Con anterioridad de muchos meses, los lamas de mayor confianza, actuando como humildes portadores, habían recorrido penosamente los cientos de kilómetros que hay desde Lhasa, a fin de transportar los Secretos antiguos a donde estuvieran a salvo para siempre de los vándalos chinos y de los traidores comunistas tibetanos. Aquí también, con infinito trabajo y sufrimiento, habían sido traídas las Imágenes Doradas de pasadas Encarnaciones, para ser instaladas y veneradas en el corazón de la montaña. Los Objetos Sagrados, las escrituras viejas de siglos y los sacerdotes más sabios y venerables estaban aquí en seguridad. Desde hace siglos, con pleno conocimiento de la inminente invasión china, los Abades leales se habían reunido periódicamente en cónclaves solemnes para probar y elegir a aquéllos que habían de ir a la Nueva Mansión distante. Fueron sometidos a prueba unos sacerdotes tras otros, sin que ellos lo supieran, y se estudió su historial, de modo que sólo los más puros y los más adelantados espiritualmente fuesen los elegidos. Hombres cuya preparación y cuya fe eran tales que pudiesen, de ser necesario, resistir las peores torturas que los chinos pudieran darles, sin revelar ninguna información vital.

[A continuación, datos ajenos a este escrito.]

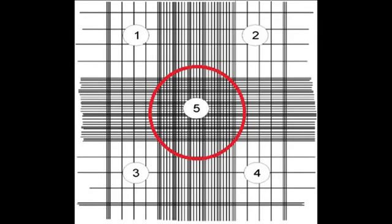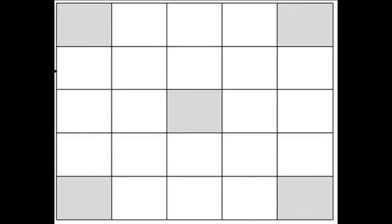Place the hemocytometer into the humidity chamber and let it sit there for two to five minutes. You are now ready to count the red blood cells under the microscope.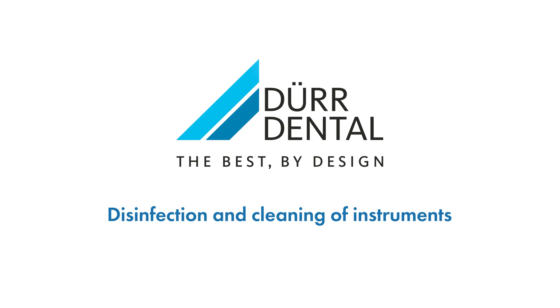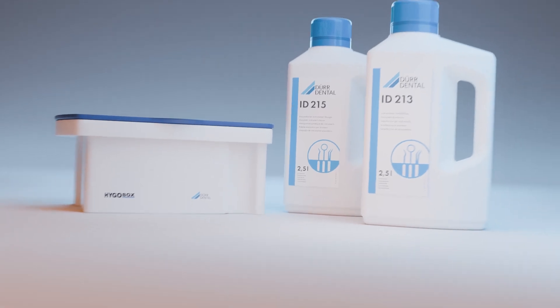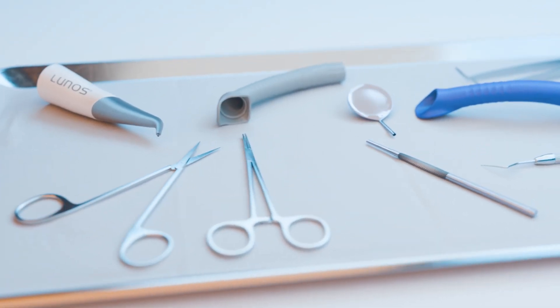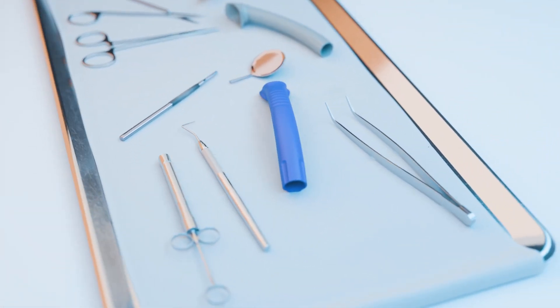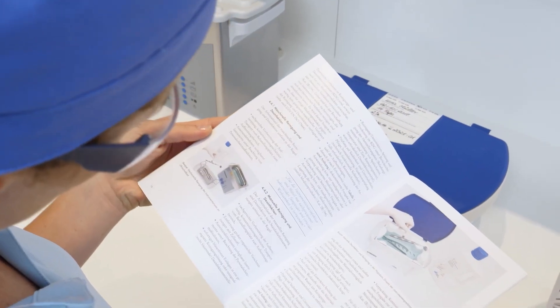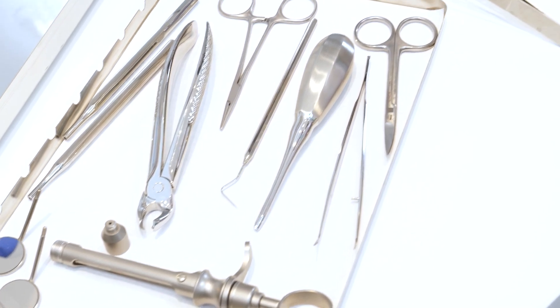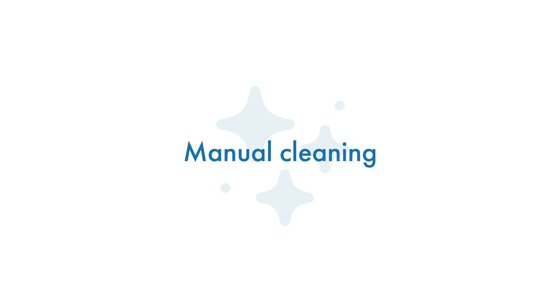Disinfection and cleaning of instruments. Hygienic reprocessing of dental instruments is essential to prevent infections in patients. Safe reprocessing of instruments can only be achieved with clean medical devices. Hence, the cleaning is especially significant in the entire reprocessing procedure.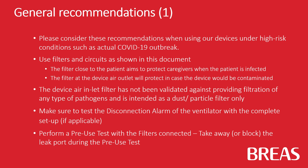The device air inlet filter has not been validated against providing filtration of any type of pathogens and is intended as a dust or particle filter only.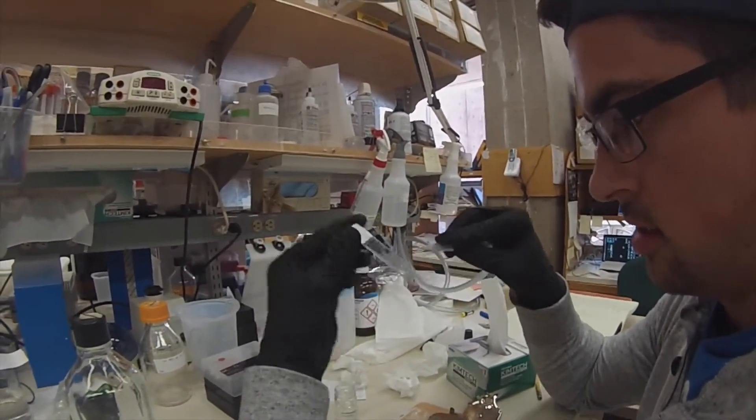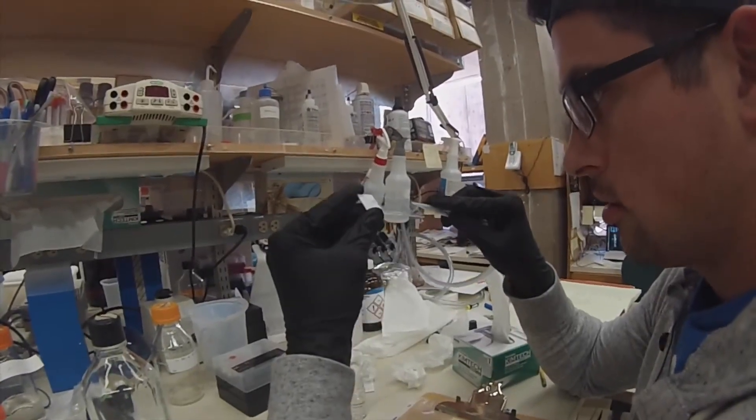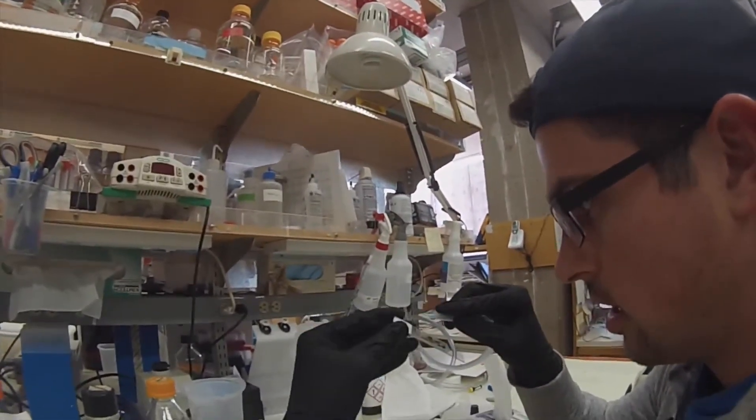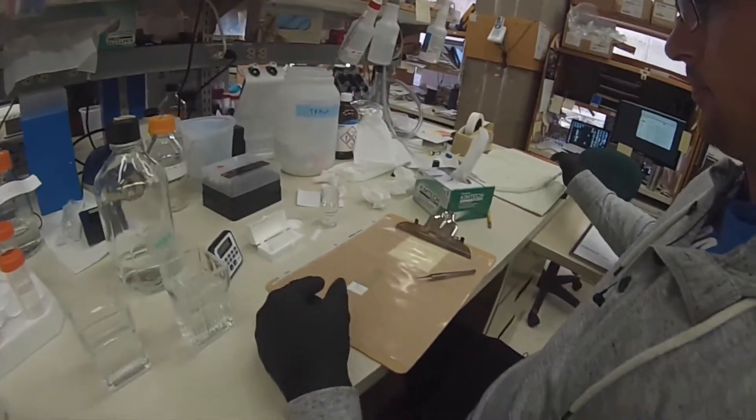I'm always really cautious about that, so I really go on the side of the pap pen, which is what you use to try and hold all the primary antibody, secondary antibody, and blocking buffer in.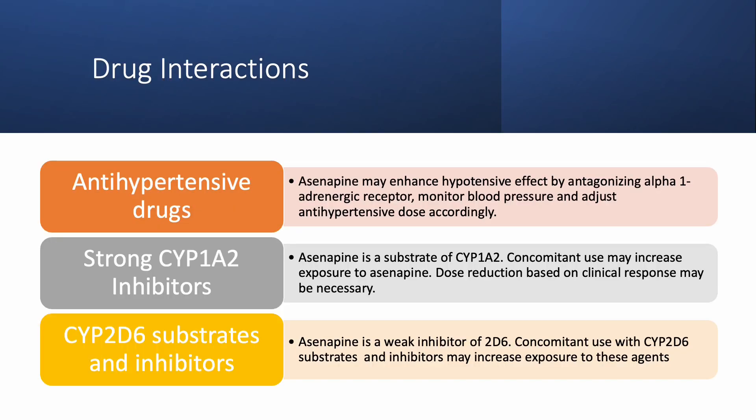Patients on asenapine may experience drug interactions, especially if they have other conditions requiring treatment. For example, patients on antihypertensive agents may experience more hypotensive episodes when taking it together with asenapine; therefore, patients need to be counseled to monitor their blood pressure regularly. Additionally, asenapine is a substrate of the CYP1A2 enzyme, so when taken with strong CYP1A2 inhibitors such as fluvoxamine, the asenapine dose may need to be reduced. For patients also taking CYP2D6 inhibitors or substrates such as paroxetine, dose adjustments may be necessary.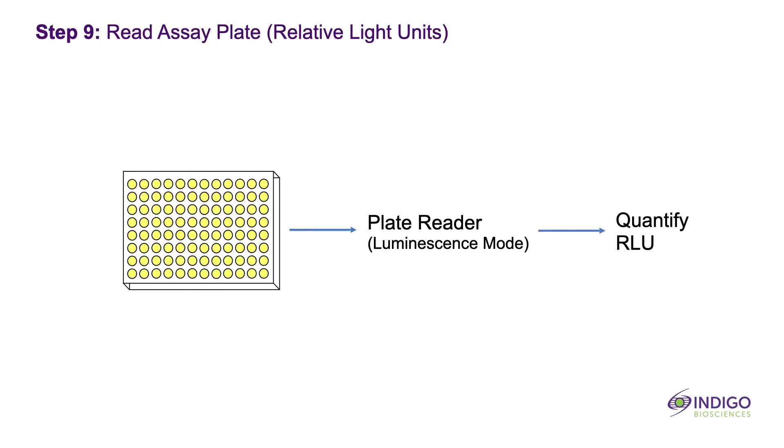Transfer the assay plate to the plate reader and press START to quantify luminescence per assay well.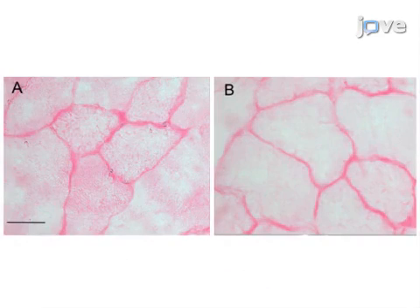Ultimately, light microscopy is used to show the glycogen stores inside the cells.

Así, finalmente, dejando Lhasa, invadida por los comunistas, habían venido a su nueva casa. Ningún avión que transportase material de guerra podría volar a esta altura. Ningún ejército enemigo podría soportar este árido paraje, un paraje desprovisto de tierra, rocoso y traicionero, con peñascos que se deslizan y abismos que abren sus fauces. Un paraje tan alto, tan pobre de oxígeno, que sólo las endurecidas gentes de la montaña podrían respirar allí. En aquel lugar, al fin, en aquel santuario de las montañas, había Paz. Paz en la que trabajar para la salvaguarda del futuro, para preservar la Sabiduría Antigua y prepararse para el tiempo en que el Tíbet resurgiera y se librara del agresor.
Hacía millones de años, aquello había sido una cordillera de volcanes llameantes que vomitaban rocas y lavas sobre la cambiante faz de la Tierra joven. Entonces el mundo era casi dúctil y sufría las angustias del parto de una nueva era. Tras años sin número, las llamas se extinguieron y las rocas, casi fundidas, se enfriaron. La lava se había derramado por última vez y chorros de gas que venían de la profunda entraña de la Tierra expelieron la restante al aire libre, dejando un sinfín de canales y de túneles desnudos y vacíos. Sólo poquísimos habían sido cerrados por las rocas que caían, pues los demás permanecieron intactos, duros como el vidrio y veteados con las huellas de los metales que se fundieron antaño. Desde esas paredes manaban fuentes de la montaña, puras y que centelleaban ante cualquier rayo de luz.
Siglos tras siglos los túneles y las cavernas permanecieron desprovistos de vida, desolados y solitarios, conocidos sólo de los lamas viajeros astrales, que podían visitar todo y ver todo. Los viajeros astrales habían recorrido la región buscando un refugio como aquél. Ahora, cuando el Terror campeaba en el país del Tíbet, los pasadizos de antaño fueron poblados por una élite de gentes espirituales, destinadas a resurgir en la plenitud de los tiempos.